### 5.1.5 Scientific Notation

This subsection is not completed yet, but in the meantime here are some practice questions.

Remember:
To convert a number in scientific notation to decimal notation, the exponent tells you how many jumps the decimal point should make, e.g. $9.1273 \times 10^3 = 9127.3$ because the decimal point moves $3$ places.

Add zeros if necessary, e.g. $1.7 \times 10^4 = 17000$.

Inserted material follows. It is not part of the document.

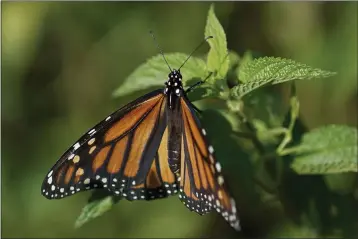  ?? PHOTOS BY CAROLYN KASTER — THE ASSOCIATED PRESS FILE ?? A monarch butterfly rests on a plant at Abbott’s Mill Nature Center in Milford, Del.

If the exponent is negative then the decimal point moves to the left, e.g. $3.42 \times 10^{-3} = 0.00342$ because the decimal point moves $3$ places to the left, and we put zeros in the empty places. A quick way to work it out is that the number of zeros you need to add is given in the exponent ($10^{-3}$ means $3$ zeros should be added).

Remember:
To write something in scientific notation, shift the decimal point until it’s after the first significant figure. If the decimal point needs to move to the left then the exponent is the number of jumps made by the decimal point, e.g. $158.29 = 1.5829 \times 10^2$ because we had to move the decimal point $2$ places to the left.

If you need to write a whole number in scientific notation, then consider the decimal point to start after the number, e.g. $38527 = 38527. = 3.8527 \times 10^4$ because we had to move the decimal point $4$ places to the left.

Zeros at the end of a whole number are most likely not significant, so they can be removed after converting, e.g. $15000 = 1.5\times10^4$.

If the decimal point needs to move to the right, then the exponent will be negative, e.g. $0.00386 = 3.86 \times 10^{-3}$ because we had to move the decimal point $3$ places to the right. A quick way to work it out is that the number of zeros at the front tells you the exponent: $3$ zeros means the exponent is $-3$.